This brings up a good point. The ethics of farming moves beyond just whether or not killing animals is wrong. After all, you kill tons of animals farming plants. You raze habitat, displace whatever wildlife was living there, you spray pesticides (yes even organic farmers use pesticides), you dump freeze-dried ladybugs all over the place (how organic farmers attack aphids), and when you harvest, clean and transport the food animals, especially insects and small mammals, are going to be killed as a result.
Instead what Roussel is emphasizing is that the costs of not having farm animals participating in the process creates other harms, largely in the form of increased fossil fuel use from farm equipment or fertilizer generated by the Haber process. This is reminiscent of one of Pollan’s strongest arguments against CAFOs, that instead of using animals as a component in the cycle of harvesting energy from the sun, CAFOs have broken the cycle. Instead of cows and chickens and pigs serving roles as producers of fertilizer and eaters of waste, they’ve turned them into producers of waste and eaters of oil. They are fed grain, fertilized by synthetic fertilizer, and their manure, once a beneficial source of nitrogen on the farm, is now an methane-producing environmental catastrophe waiting to happen in some CAFO associated manure lagoon. While economically this appears efficient, this is only if you fail to factor in these other costs, including environmental and work-safety costs of these feeding operations.
These costs I think get factored into many arguments and may be the cause of the rise in vegetarianism. Justin Green’s article, about his transformation from a meat eater, to a vegetarian, then back to a meat-eater after he started farming, emphasizes this point:
Merely understanding these relationships does not provide a sound ethical defense of meat-eating, however. Animals play an essential role in our food system, yet it is undeniable that much of our production has fallen out of balance. It’s not enough to simply ensure the safety and survival of my animals.
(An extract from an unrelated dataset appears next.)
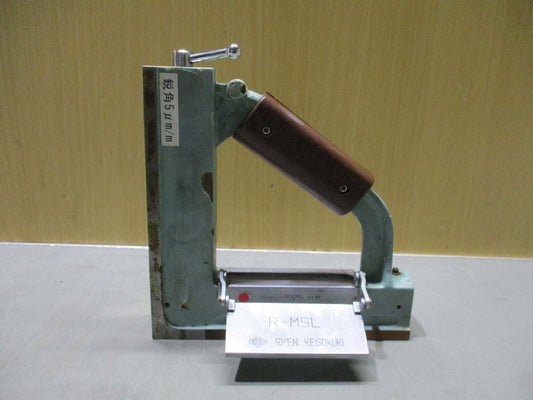 RIKEN R-MSL Magnetic Scoyer Level 200X0.02 [k1168808920]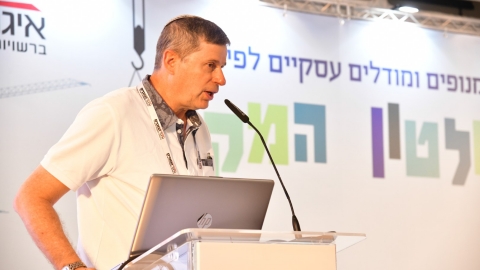 יום ראשון לועידה 24.5.2021 (56).jpg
As fellow sentient creatures with whom I am engaged in a partnership, I have a responsibility to show both respect and benevolence, in life and in death. I can’t think of a moral justification for the industrial-scaled confinement operations that fail to uphold our side of the bargain.
Almost 25 years after deciding it was wrong to eat animals, I now realize that it’s not that simple. There is an ethical option — a responsibility, even — for eating animals that are raised within a sustainable farm system and slaughtered with the compassion necessitated by our relationship. That, in essence, is the deal.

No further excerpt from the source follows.